The uncanny valley is the experience of perceiving simulated humans as eerie (Mangan, 2015). Mori (2012), who proposed the theory in 1970, attributed the phenomenon to some features of the simulation appearing more human than others. Several empirical studies support his claim (Chattopadhyay & MacDorman, 2016; MacDorman et al., 2009; MacDorman & Chattopadhyay, 2016; Mitchell et al., 2011; Seyama & Nagayama, 2007). This study examined the uncanny valley in a hypothetical virtual consultation, casting in the role of doctor either a real human actor or his digital double.

With the exception of Patel & MacDorman (2015), previous experiments on how human realism affects persuasion have not considered the uncanny valley. Further, they have lacked the experimental control of using a digital double to simulate the appearance and behavior of a real human. No previous study has addressed these issues with respect to a patient’s intention to adhere to treatment advice.

The findings show the effectiveness of a digital double relative to a real human in promoting adherence intention with role-playing participants. In addition, they show increased enjoyment of the consultation with the computer-animated doctor, which could indicate future acceptance of the technology. Cues of the doctor’s warmth and competence remained effective despite the use of realistic computer animation. Thus, insofar as the uncanny valley may have come into play, it did not impede the effectiveness of the computer-animated virtual consultation.

Patient nonadherence to treatment poses a major threat to public health (Iuga & McGuire, 2014; Vermeire et al., 2001). Our findings suggest that an animated virtual consultation could be more effective and enjoyable than a consultation filmed with a real human actor. Further testing is needed in clinical settings. The effectiveness of the animated virtual consultation with role-playing participants should encourage the development and clinical testing of this technology, which has advantages over creating content with human actors, such as ease of scenario revision, internationalization, localization, personalization, and web distribution (Bickmore, Pfeifer & Jack, 2009; Bickmore, Pfeifer & Paasche-Orlow, 2009; Bickmore et al., 2010a; DeSmet et al., 2014).

Appendix A: Script

[Text introducing the narrative].

Outcome Treatment 1

Both conditions: One afternoon, you visit Dr. Richards, a primary care physician, for a routine physical examination. As instructed by the nurse, Jane Larsson, you ate nothing on the morning of your appointment.

Low Competence: In the waiting room, two women are seated together, and you hear one of them say, “Meredith, you deserve compensation. You have a strong case.”

High Competence: In the waiting room, you overhear a patient, Meredith Pratley, tell her husband, “The lawyer says, if we sue the doctor, we both could make a ton of money.”

Both conditions: After the examination, you learn from Dr.
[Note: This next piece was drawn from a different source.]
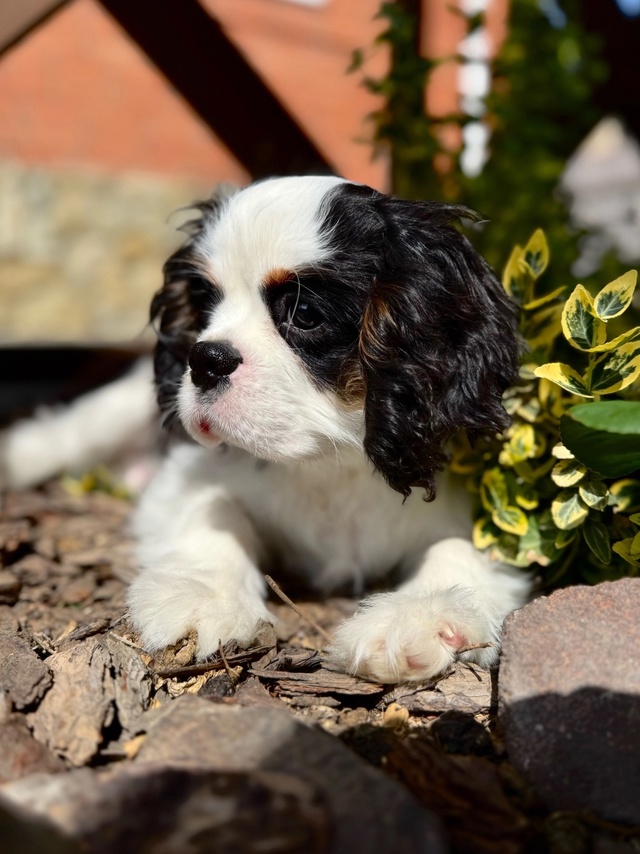 Предлагаются породные щенки ? от импортных родителей...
Richards that your blood sugar tested higher than normal. You undergo some further blood work and return to the waiting room. After a while, Nurse Larson calls you back into the doctor’s office.

Low Competence: Walking to the office, the nurse whispers, “Dr. Richards is up for an award. I’m sure it will go to his head!”
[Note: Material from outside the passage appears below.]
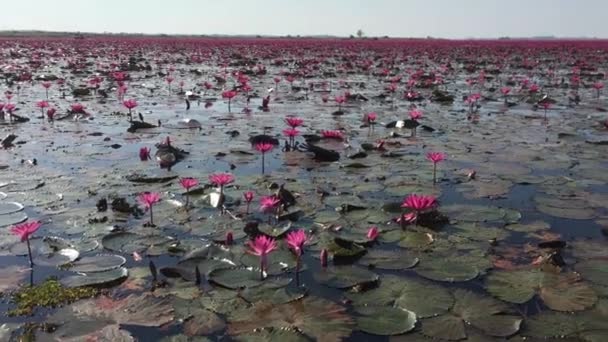 Ροζ Λουλούδια Λωτού Στη Λίμνη Φαίνονται Όμορφα Στη Φύση Στην — Αρχείο Βίντεο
High Competence: Walking to the office, the nurse gushes, “Dr. Richards is up for an award. Today we find out the result!”
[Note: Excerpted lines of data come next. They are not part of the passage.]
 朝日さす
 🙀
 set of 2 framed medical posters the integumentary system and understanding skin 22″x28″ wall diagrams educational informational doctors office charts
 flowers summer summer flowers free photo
You are greeted by Dr. Richards.

[Depiction Treatment: The virtual consultation begins with either computer animation or a recorded video].

Character Treatment 1

Dr. Richards, Poor Manner: [Rolling eyes peevishly and shaking head]. How’d you like our noisy waiting room? It sounds like the ghetto clinic where Dr. Mehta volunteers. And they’re all here for me. I inherited this disaster when she took maternity leave so…

Dr. Richards, both conditions: I’m sorry you were kept waiting. From your latest blood work, your fasting blood sugar level is 203, which is higher than we’d like to see. If it tests above 126 again, we’ll have to consider the possibility that you have diabetes.

Dr. Richards, Good Manner: But don’t be too concerned. It’s not clear you have it, and even if you do, it’s very common, and we know how to treat it.